The Client The client is a 52-year-old female, semi-retired, recovering fairly well from the breakup of a 16-year relationship. Her daughter and two of three grandchildren now live with her in a small home in the Pacific Northwest. She is a writer by avocation, enjoys music, especially classical, and watches television only to see specific shows. She is extremely well educated, of above average intelligence, and has a compassionate heart. She spent several years as an officer in the U.S. Marine Corps, and even more years as a grief counselor and lecturer.

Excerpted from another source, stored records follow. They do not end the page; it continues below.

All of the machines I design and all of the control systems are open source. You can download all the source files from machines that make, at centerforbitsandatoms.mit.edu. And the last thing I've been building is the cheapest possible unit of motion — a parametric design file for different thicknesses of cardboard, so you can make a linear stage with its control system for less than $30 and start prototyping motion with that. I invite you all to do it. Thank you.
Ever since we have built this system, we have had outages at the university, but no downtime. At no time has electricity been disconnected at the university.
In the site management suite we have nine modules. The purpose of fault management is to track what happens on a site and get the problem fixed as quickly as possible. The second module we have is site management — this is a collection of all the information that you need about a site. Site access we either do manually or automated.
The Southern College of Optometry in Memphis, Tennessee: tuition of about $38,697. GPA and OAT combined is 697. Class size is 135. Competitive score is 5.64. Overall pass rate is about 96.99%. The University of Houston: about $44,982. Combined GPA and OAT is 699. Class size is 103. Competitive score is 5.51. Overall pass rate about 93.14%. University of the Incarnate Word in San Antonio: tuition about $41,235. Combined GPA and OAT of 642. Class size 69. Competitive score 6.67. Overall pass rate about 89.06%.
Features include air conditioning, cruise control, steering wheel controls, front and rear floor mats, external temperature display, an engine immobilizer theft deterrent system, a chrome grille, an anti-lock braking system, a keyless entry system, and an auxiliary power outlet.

 She has never been a rabid fan of anyone or anything. The Beatles passed her by unnoticed, movie stars bore her, politicians disgust her, and she generally finds solace and release in mysticism and good historical fiction. She has never been to a fan convention, has never collected show/star paraphernalia, although she does admit to having a pretty complete scrapbook on Mary Martin, which she started at the age of 10. Nevertheless, even when she saw Ms. Martin twice, there was no desire to meet her.

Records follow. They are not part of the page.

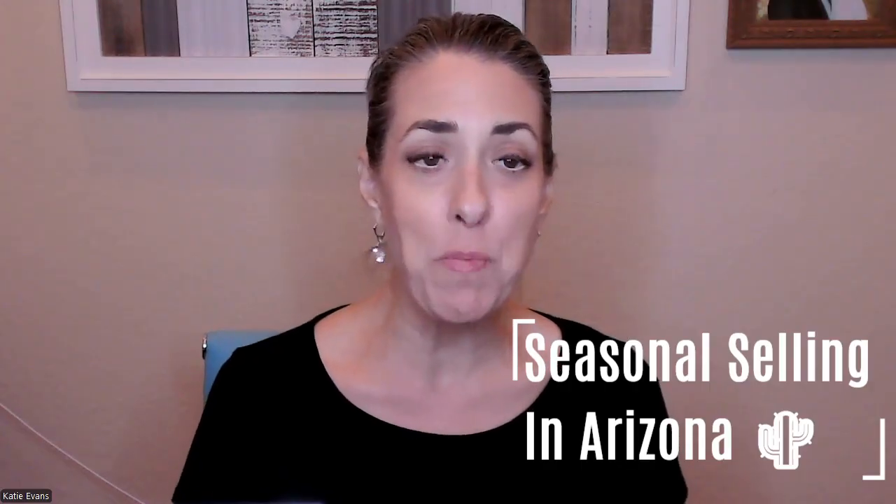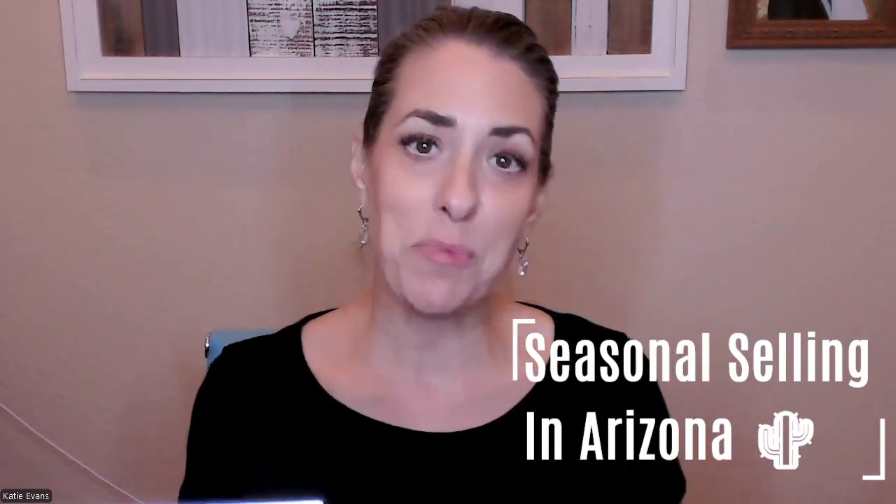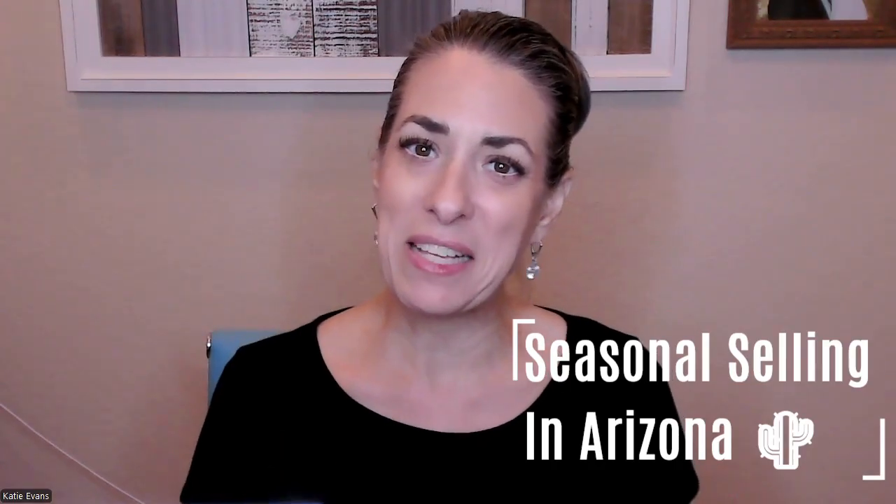Hi, everyone. Welcome back to another one of our video blogs. We're super glad to have you back here to discuss some of the different seasonal advantages of selling your home and how to actually take advantage of those different times of year. So if that's something you're interested in, you're in the right place.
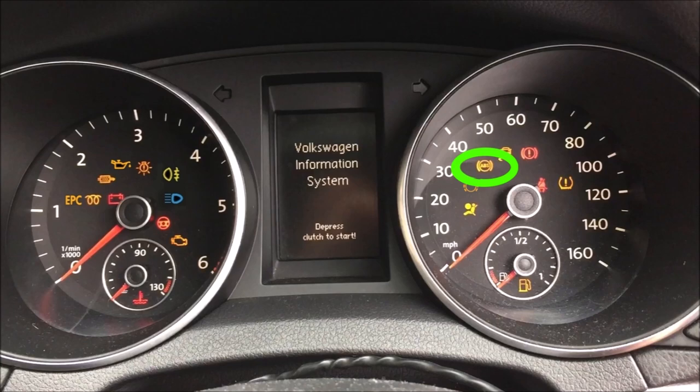This indicates a fault with the ABS system — this could be an ABS sensor on one of your wheels.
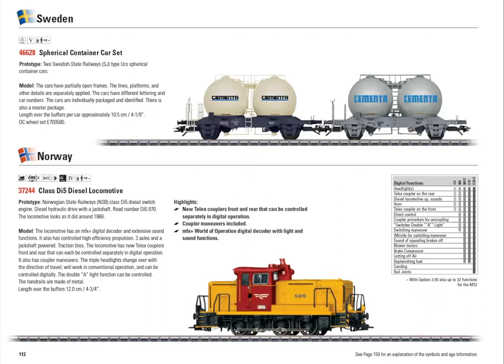Märklin previously came out with a locomotive like this for Norway — same paint scheme, different road number. The first one they made was just a Delta version; this one of course has full digital sounds, telex couplers, the works.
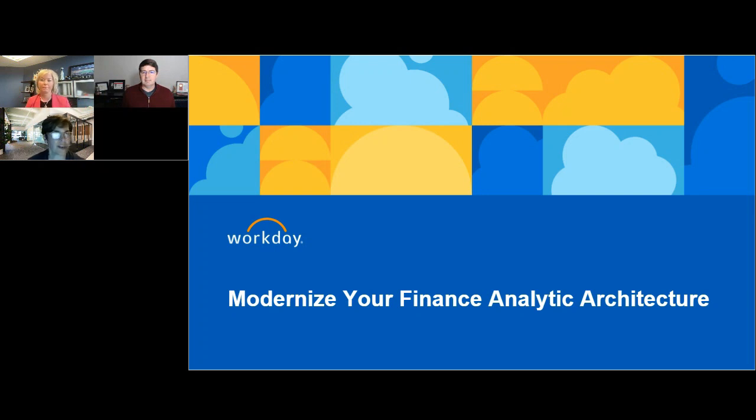Welcome to our webinar, everyone, where we're going to be discussing a pretty hot topic, judging by this large audience I see: modernizing your finance analytic architecture.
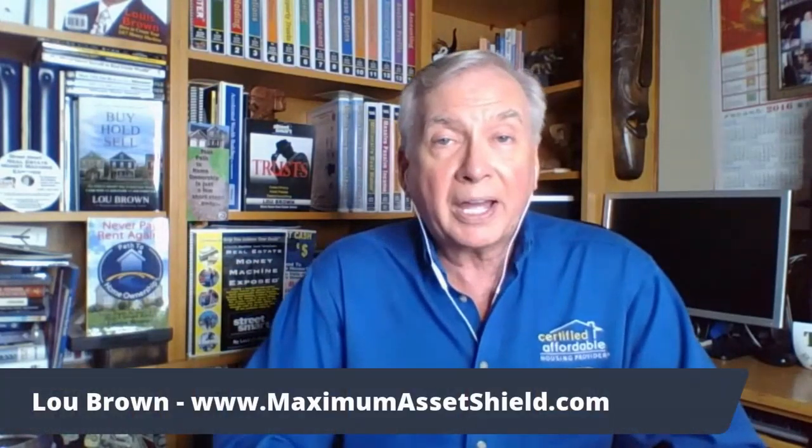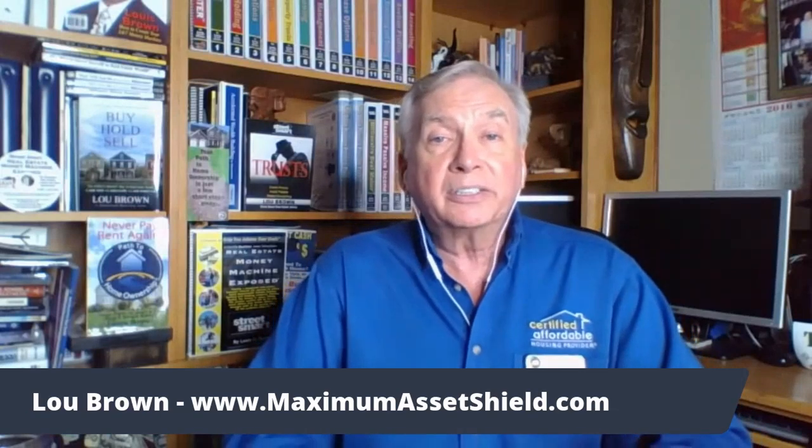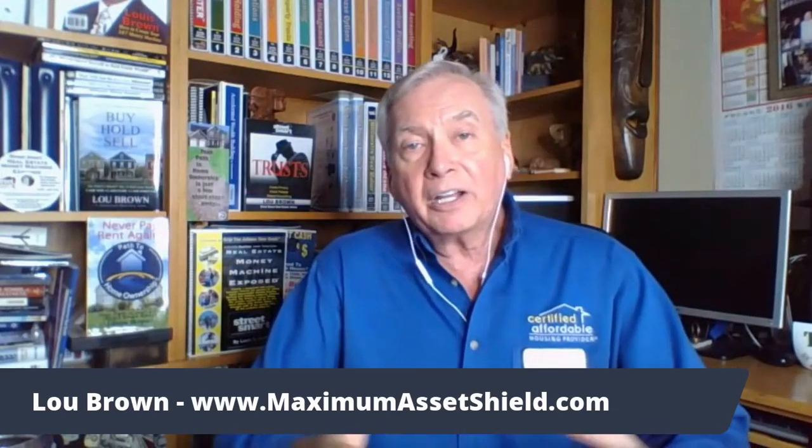I also recommend that you learn about trusts, not just to do one, but also to learn the magnificence of this marvelous thing called trusts. I do have a four-day training on trusts and you can find out more about that at MaximumAssetShield.com. You can find out more about what we do and how we do it, and certainly that you could do it yourself. It's very important to know where the bones are buried and teach others what they need to know.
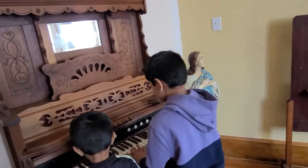Here's an old piano. It does not work anymore. Let's go to the kitchen.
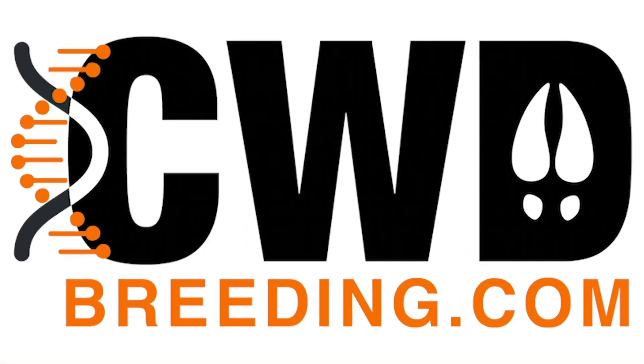Hey, it's the Deer Wizard, host of North American Deer Talk. I want to tell you about a great new advertising and research platform that we've developed for you: CWDbreeding.com. As the deer industry continues to mature and develop around chronic wasting disease and its known genetic heritability, resources like CWDbreeding.com become essential tools for deer managers across the country making decisions about their herds.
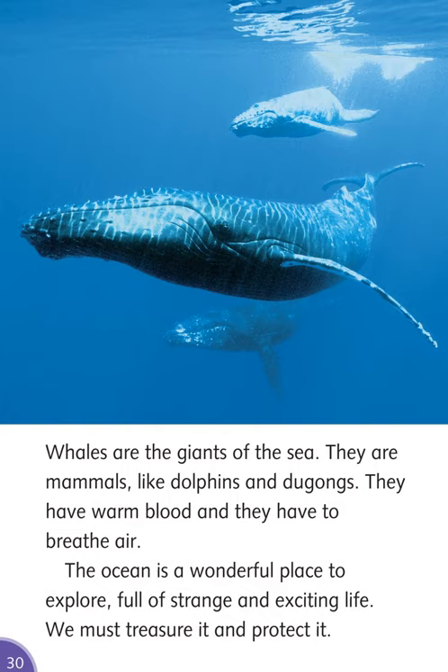Whales are the giants of the sea. They are mammals like dolphins and dugongs. They have warm blood and they have to breathe air. The ocean is a wonderful place to explore, full of strange and exciting life. We must treasure it and protect it.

Why Xena? Interestingly, it is not Lucy Lawless that is the object of the obsession. It is Xena. When questioned, the client responded: "Well, there's no denying that Lucy Lawless is a beautiful woman, but so are thousands of others. However, you see, there is no other Xena. She is a one-of-a-kind, never to be duplicated or repeated."
 Would you go to a Xena convention?
Lucy is pensive at the 1998 Burbank convention.
 No. What would I find there? A lot of noise and claustrophobia. Moreover, if Lucy Lawless did show up, would she be Lucy or Xena? She would, of course, be Lucy, and it is Xena that I would want to see. No, I will stay home and be content with my tapes and CDs.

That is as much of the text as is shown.